‘Moderate’ Labour’s reliance on focus groups has turned MPs into a laughing stock

Last Updated: December 24, 2016By

MPs must develop a strategy for ‘isolating from Jeremy without increasing perception of division’, the report says [Image: Jonathan Brady/PA].

Let’s get this straight: “Moderate” Labour researchers have used focus groups to claim that “moderate” Labour MPs need to distance themselves from Jeremy Corbyn – something they’re keen to do in any case.

And the Guardian‘s Jessica Elgot is using Jamie Reed’s resignation and the by-election it has triggered as a reason for them to do so?

Do none of them realise that Labour’s low majority in Copeland is most likely precisely because Mr Reed was a so-called “moderate”?

Put a candidate up who actually supports traditional Labour values – the kind of values northern voters appreciate – and matters are likely to be very different indeed.

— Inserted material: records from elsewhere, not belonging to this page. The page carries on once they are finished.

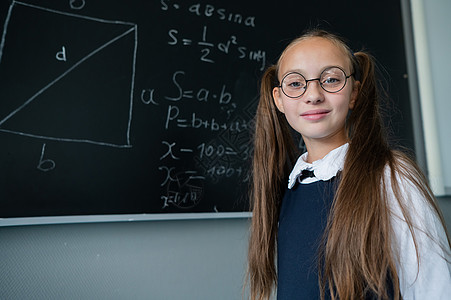 教室里一个戴眼镜的天主教女孩的肖像 女学生在黑板上回答瞳孔数学课堂教育女性孩子测试快乐青年导师图片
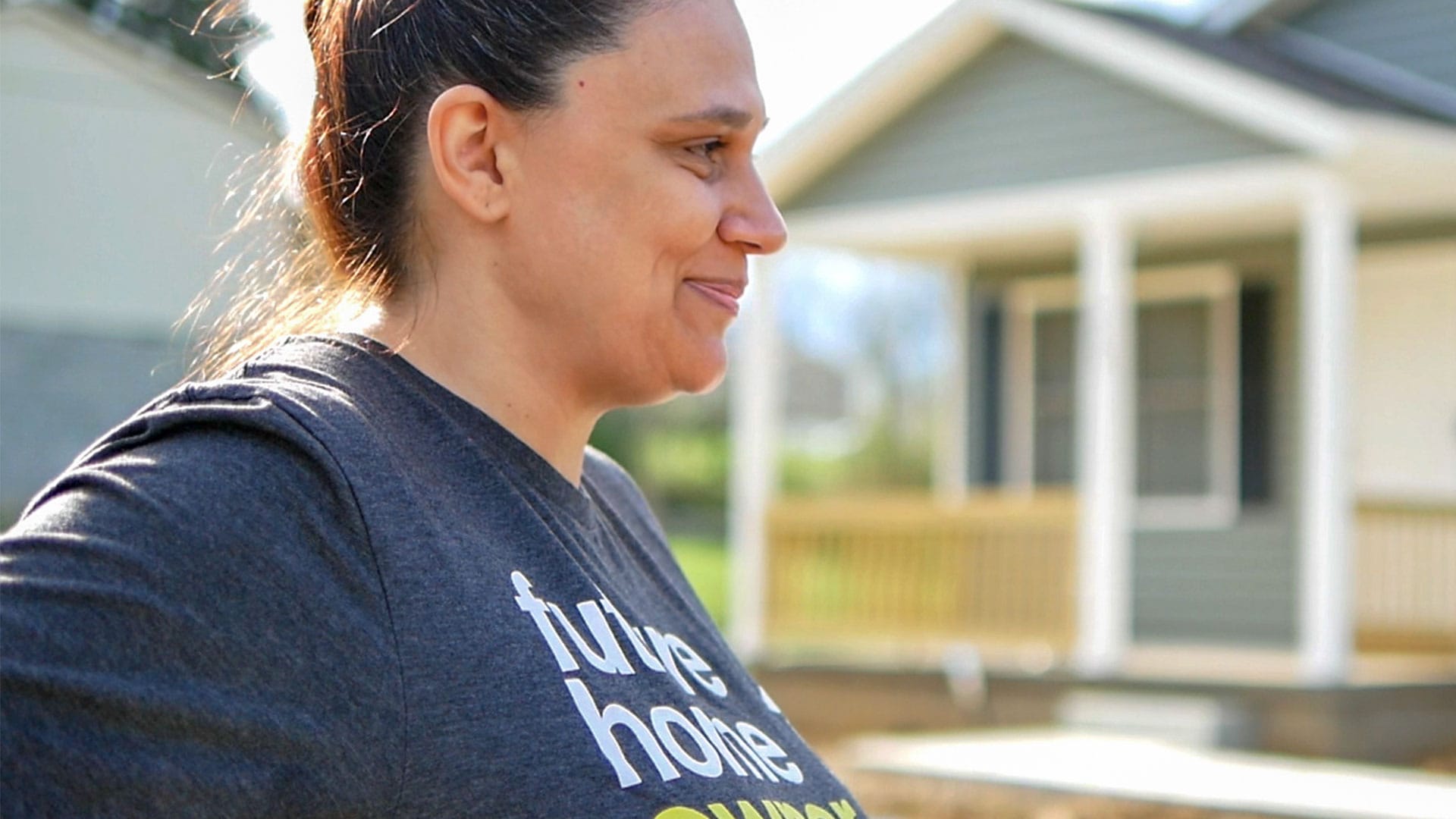 Habitat for Humanity homeowner holding keys to home.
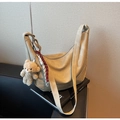 Detailansicht der beigen Wildleder-Hobotasche mit Plüschbären-Anhänger und Kordelakzent - Khaki (Mit Anhänger)
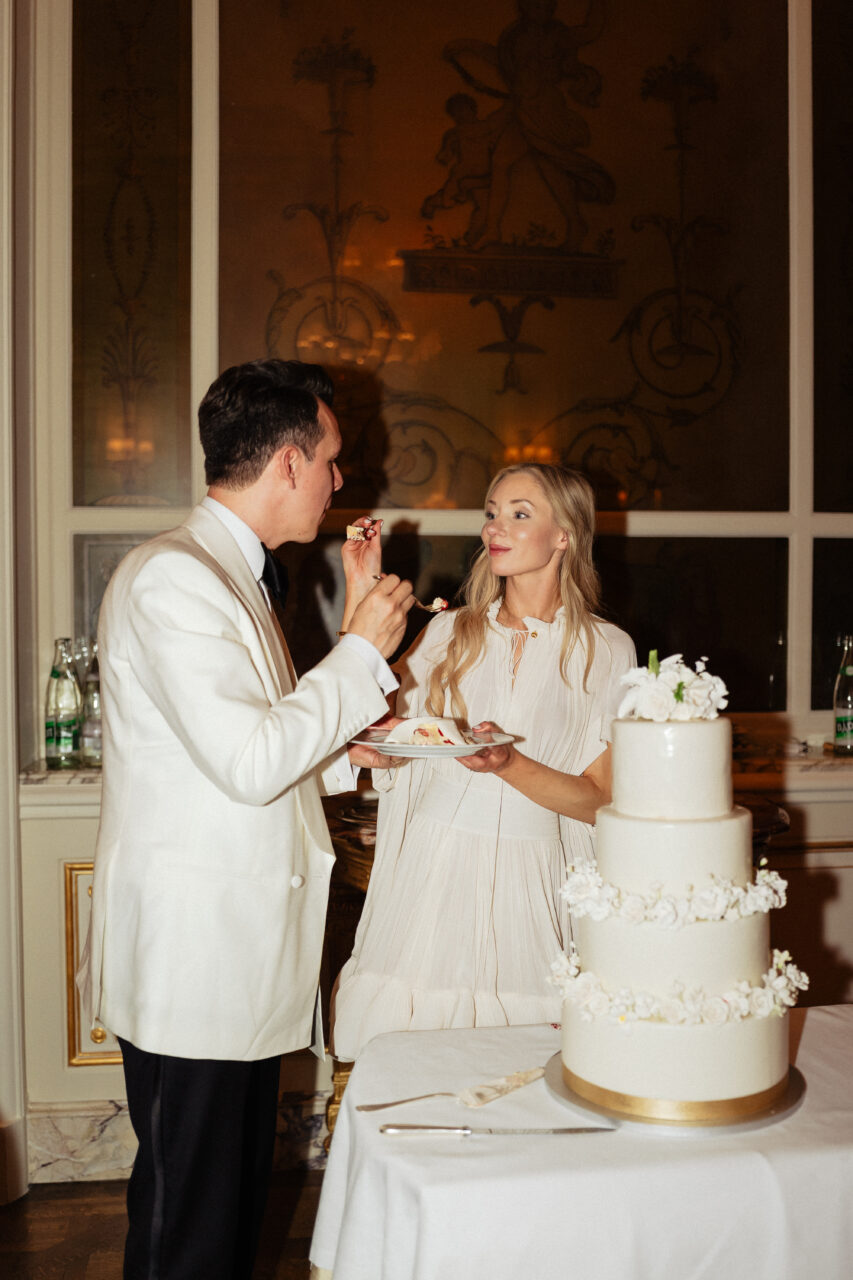 the ritz wedding cutting cake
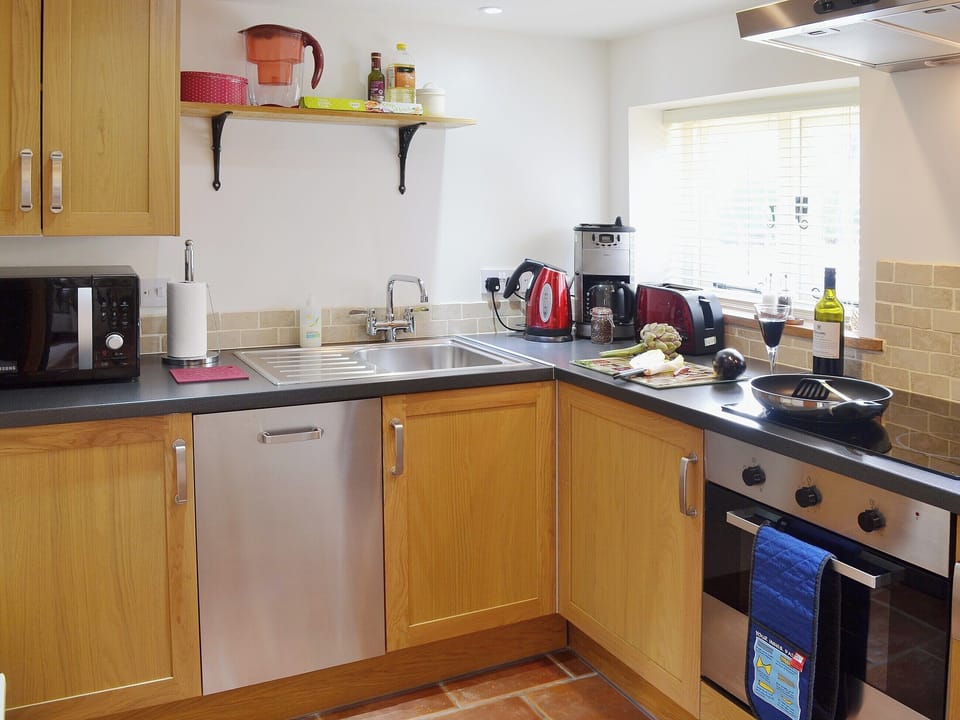 The modern kitchen with beautiful brushed steel appliances | The Stables - Canterbury Cottages, Shatterling, near Canterbury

These focus groups won’t have picked up on that because they deal with UKIP-leaning Labour voters – in other words, voters who are themselves likely to be very much on the right-wing of Labour politics.

This is a transparent attempt to scaremonger by leaking ‘fake news’ – information that contains only part of the facts, or a skewed version of them. Pathetic.

Damning research [by members of Labour’s right-wing “moderate” wing] reveals swing voters believe the party lacks leadership, direction or any strong message under Jeremy Corbyn, prompting calls for moderate Labour MPs in the north to be offered a “lifeboat strategy” to protect them from association with the leader.

The research seen by the Guardian, which has been circulated among a selected group of moderate MPs, includes a string of highly damaging focus-group results and says Ukip-leaning Labour voters have “no reason to vote Labour beyond habit and social norm”.

It suggests MPs must develop their own electoral strategy of “how to run locally in a challenging context and isolate from Jeremy without increasing perception of division”.

The party is facing a tough byelection challenge in Copeland, Cumbria, after the resignation of Labour’s Jamie Reed earlier this week. Though Labour has held the seat for decades, the party was only 2,560 votes ahead of the Conservatives at the last election and the majority of voters in the constituency voted to leave the EU in the July referendum.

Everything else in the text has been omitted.